Exercise aim:
Your task is to print, exactly and only, the lines from the start of the entries below through the line with "second or third". Include both ends, but skip the pictures.

##### Input data #####

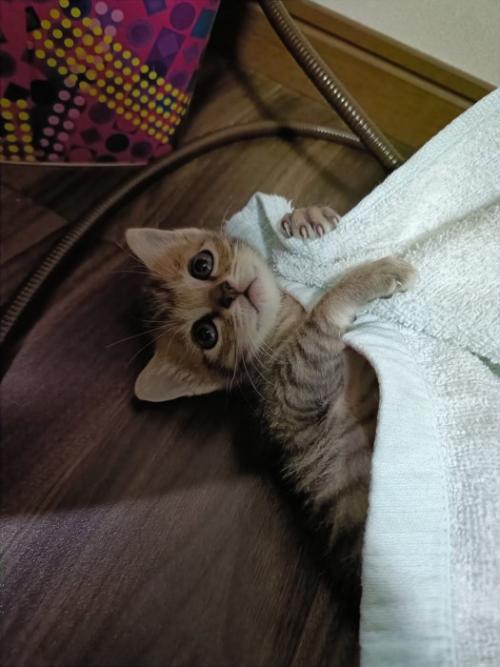 見上げる子猫
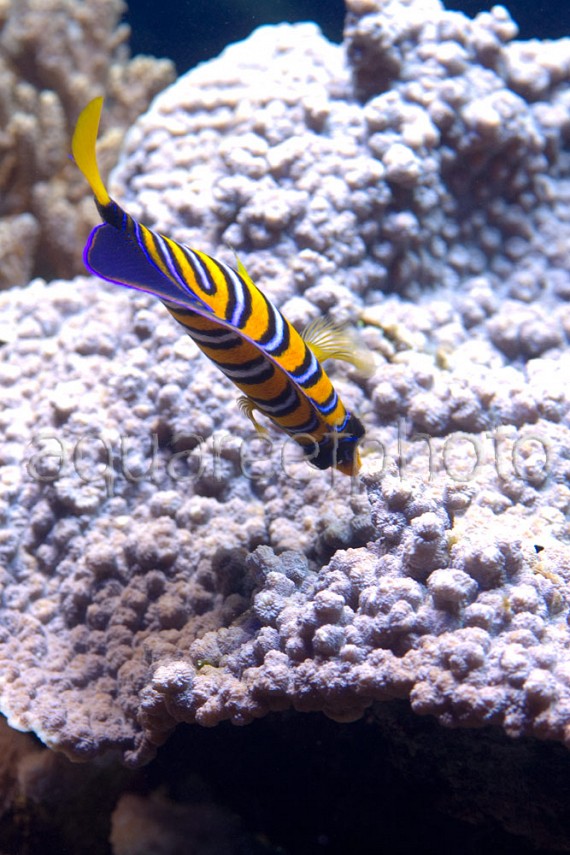 Pygoplites diacanthus 02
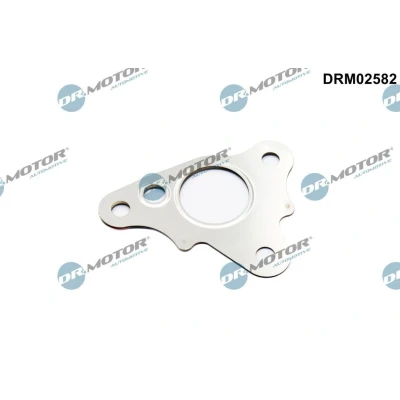 Kuva Tiiviste, EGR venttiilin johdin Dr.Motor Automotive DRM02582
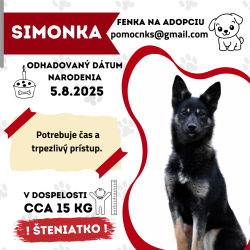 SIMONKA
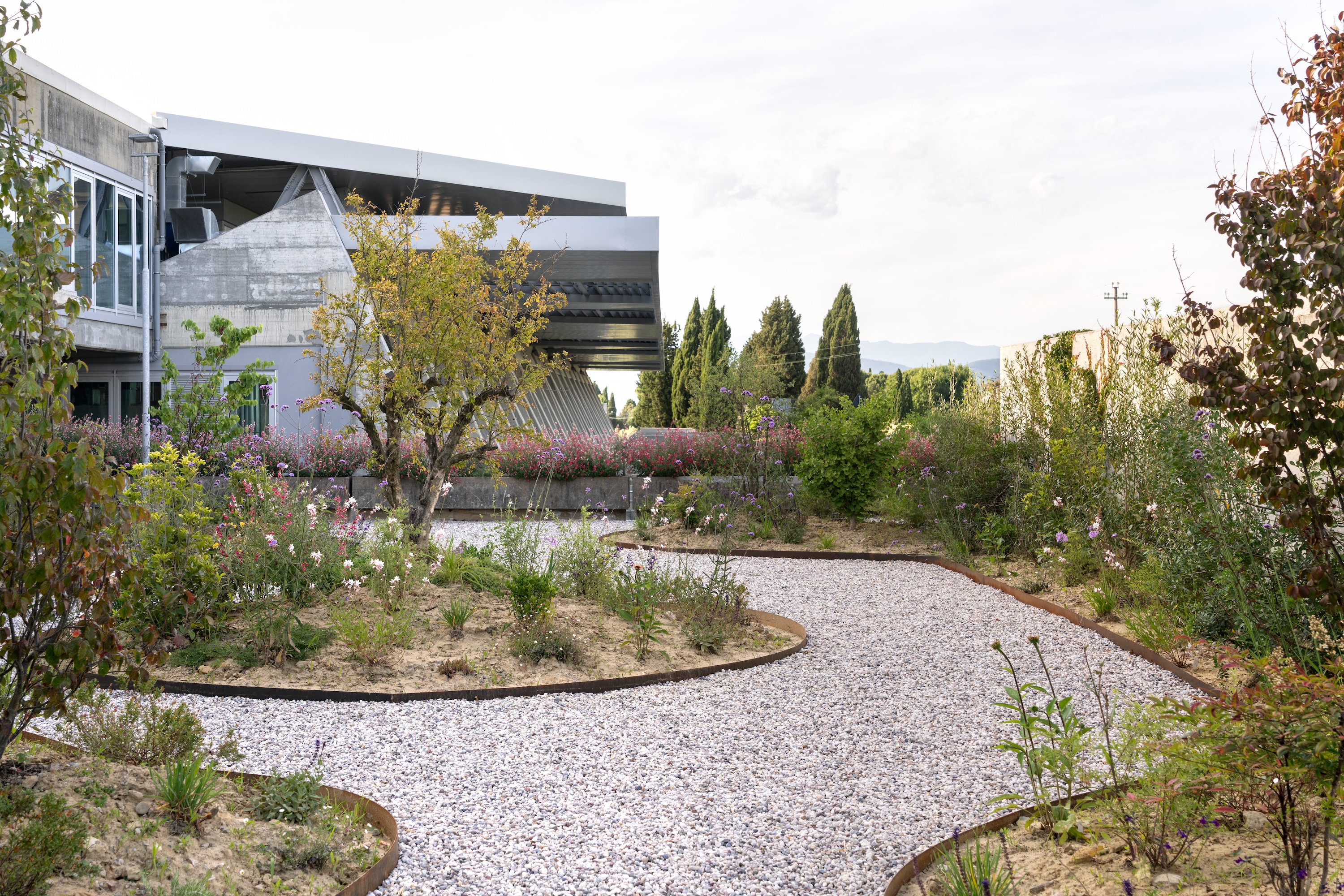 Balenciaga The Plant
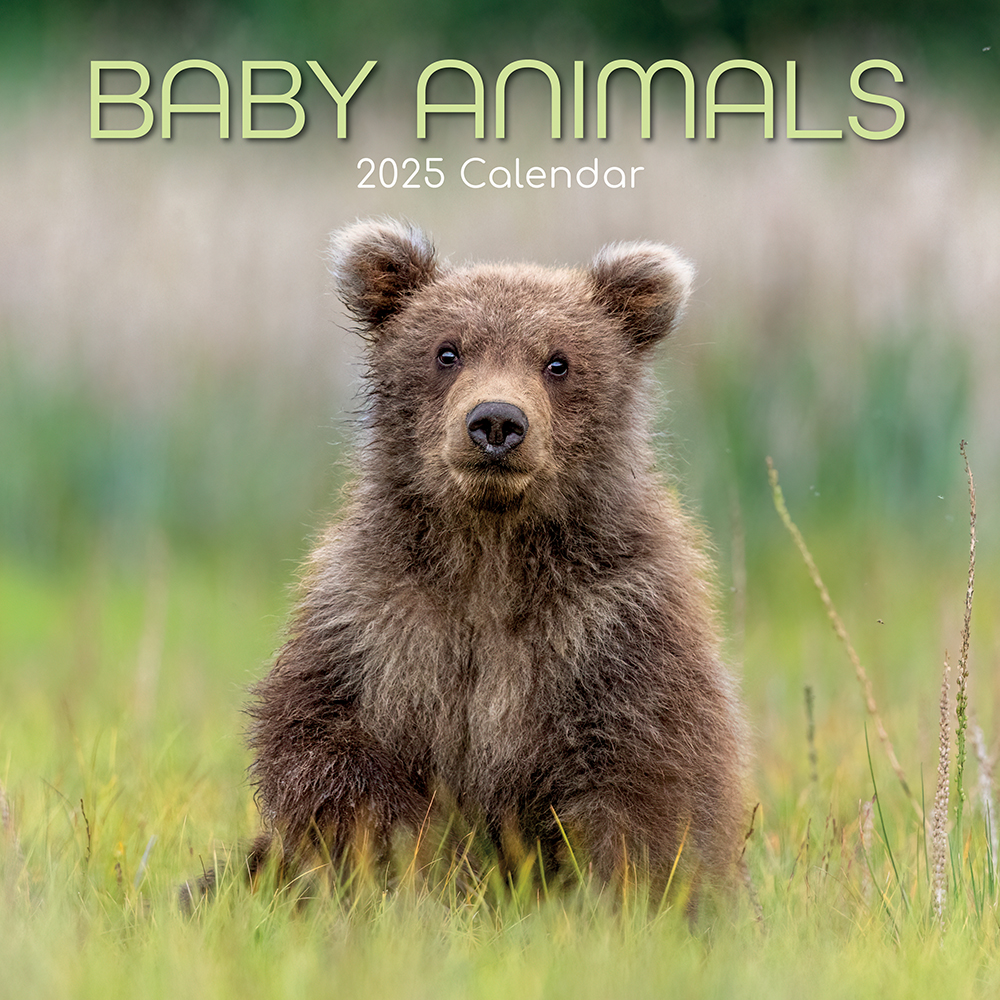 Calendar 2025 Square Wall - Baby Animals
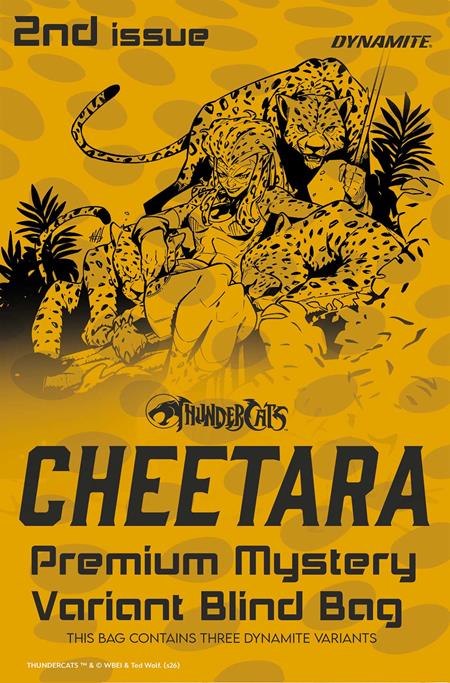 Thundercats: Cheetara #2 Cover H Premium Mystery Blind Bag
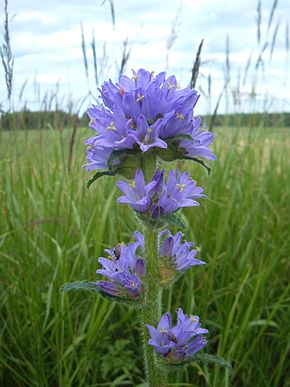 Annexe Campanula_cervicaria.JPG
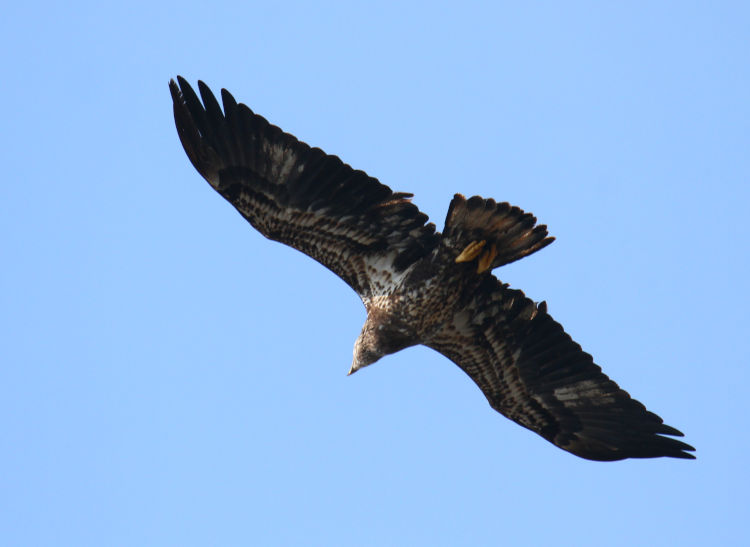 second or third year juvenile bald eagle Haliaeetus leucocephalus passing overhead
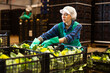 Young female employee in sorting factory for agricultural products working in warehouse of vegetables, checking and packing organic cauliflowers into plastic boxes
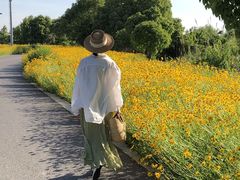 -七的湖·晚芳亭·阳澄湖农家菜·大闸蟹(莲花岛店)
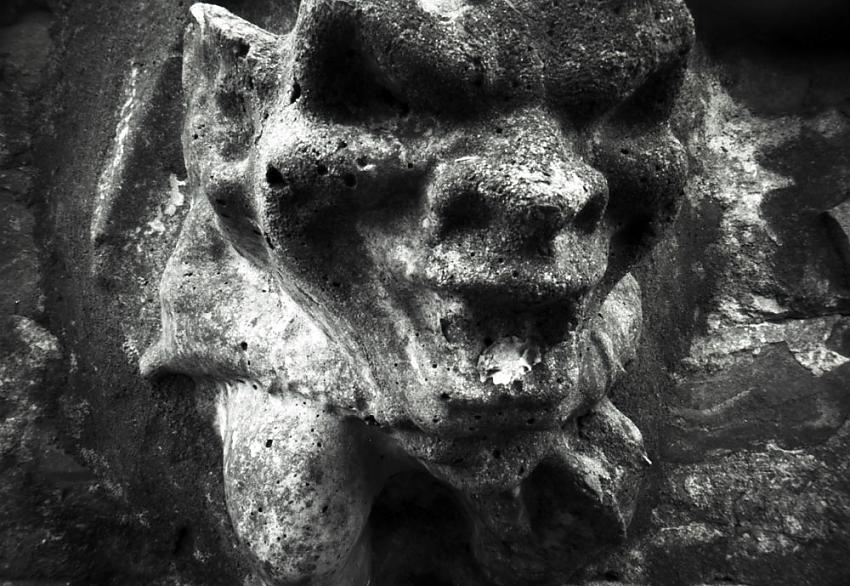 Garden Wall Gargoyle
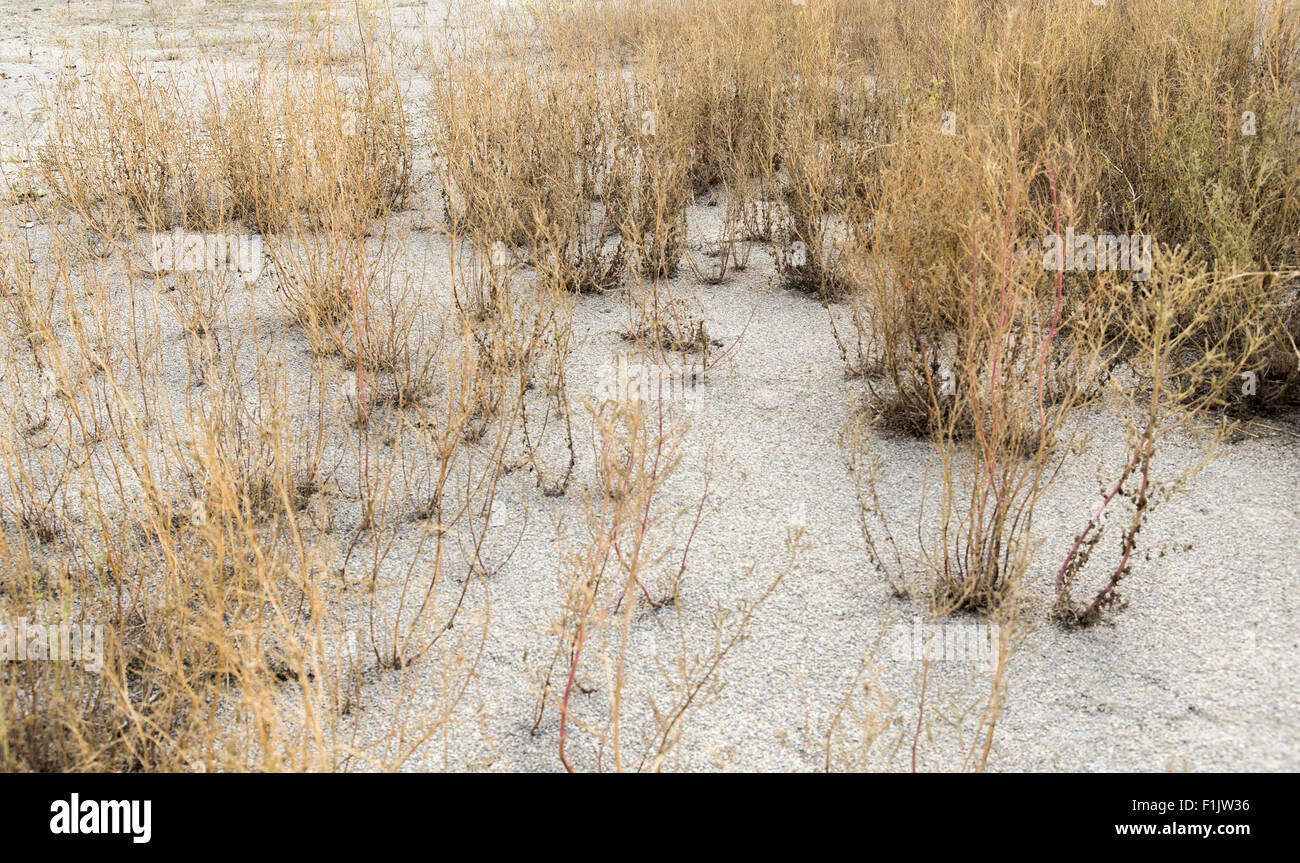 detail shot showing a arid environment with sere plants and dry earth Stock Photo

#####

Answer:
 見上げる子猫
 Pygoplites diacanthus 02
 Kuva Tiiviste, EGR venttiilin johdin Dr.Motor Automotive DRM02582
 SIMONKA
 Balenciaga The Plant
 Calendar 2025 Square Wall - Baby Animals
 Thundercats: Cheetara #2 Cover H Premium Mystery Blind Bag
 Annexe Campanula_cervicaria.JPG
 second or third year juvenile bald eagle Haliaeetus leucocephalus passing overhead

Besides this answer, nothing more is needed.